I’ll only talk briefly about Sheffield Hallam; how Nick Clegg lost to a unapologetically leftist Labour party in one of the most affluent constituencies in the country may be puzzling. Simply, Tories voted Tory and many students plus some left-wing Liberals voted Labour. The Liberal Democrats only lost 2000 votes and Labour only gained 2000 but it was enough. Sheffield Liberal Democrats may read this so a full examination now is not my place. For me it is sad to see a man gone whose decisions pushed me to join a party and campaign.

A new leader…

Many will argue Tim Farron underperformed. The second Brexit referendum message did not work. Half of Remain voters now support Leave, giving Leave 68% of voters. 30% of 2015 Liberal Democrat voters voted Leave; how did it make sense?

To be honest, he didn’t have a chance. Assume the election is in 2020. The second Brexit referendum becomes a foundation from which to build. Between March 2019 and May 2020, Liberal Democrats propose plans to deal with a calamitous Brexit. Our predictions coming to fruition gives us the authority.

Whether you agree with that counterfactual, the snap election meant we couldn’t retract that message. Lib Dems would have haemorrhaged votes if they had U-turned. Further, we’d have lost the large number of new members and volunteers making winning even more difficult.

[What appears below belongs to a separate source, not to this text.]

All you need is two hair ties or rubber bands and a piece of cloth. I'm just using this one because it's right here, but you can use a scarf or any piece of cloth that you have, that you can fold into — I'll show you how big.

Nonetheless Ed Davey, Vince Cable and Jo Swinson have made welcome returns. A third of our MPs our now women and Layla Moran of Oxford West and Abingdon is – I think – the first Palestinian-British MP. I’m not sure now is the time to be picking a new leader. Let’s keep things strong and – erm, on an even keel.

…or a new message…

Tony Blair – Things Can Only Get Better
Barack Obama – Yes We Can
Trump – Make America Great Again
Vote Leave – Take Back Control

I don’t have the 2017 results yet but look at the 2015 results. Since I kind of like spreadsheets, I spent some time fiddling with them. Let’s say we win the 8 seats we did with majorities of 1 (ie beat the other person by 1 vote only). And we win another 318 seats by 1. We’d have 326 seats ie a majority.

In order to do this, we’d need an extra 4.9 million votes (4903316 to be exact), or around 15% of people who cast a vote. These numbers are silly and impractical; I say this only to highlight the importance of targeting.  Winning in our electoral system isn’t about convincing everybody.

The four slogans above (though strictly Blair’s was Because Britain Deserves Better but nobody remembers that) have a lot in common. The only word with more than two syllables is America. They’re short and snappy. The last two have elements of assonance and alliteration. They’re positive. They conjure the idea of change.

So why did Strong and Stable fail? Well, campaigns also have to pass the sniff test. Does it “feel” like it makes sense? You can’t run on stability and then do U-turns. But often campaign failures go further than that. Hillary Clinton (Ready For Hillary) and Stronger In (Harder Better Faster…just kidding it was Stronger. Safer. Better Off. Probably) didn’t just have poor slogans – they lacked a message. Stronger In was persistenly undermined by wild claims about average loss of earnings and emergency Brexit budgets. Clinton…well, I’m still not sure what her message was.

…and if so, what?

To build a message, you have to start with an idea. Who are we? Well, we’re liberals. Which is so vague and fluffy you could barely convince a child it was worthwhile let alone an electorate. The party is split along the lines of Orange Bookers and Yellow Social Liberals. Economic and social liberalism have not always been easy bedfellows and the fault lines between the SDP’s social democracy and the Liberal Party’s classical liberalism still hinder the party.

I don’t believe they should. Economic and social liberalism are not mutually exclusive. Further, they are necessary for one another. A failing economy leads to unemployment and inflation. If you can’t afford food and heating because prices go up, you’re more likely to get sick or do badly at school. If you have no job, crime may be the only option.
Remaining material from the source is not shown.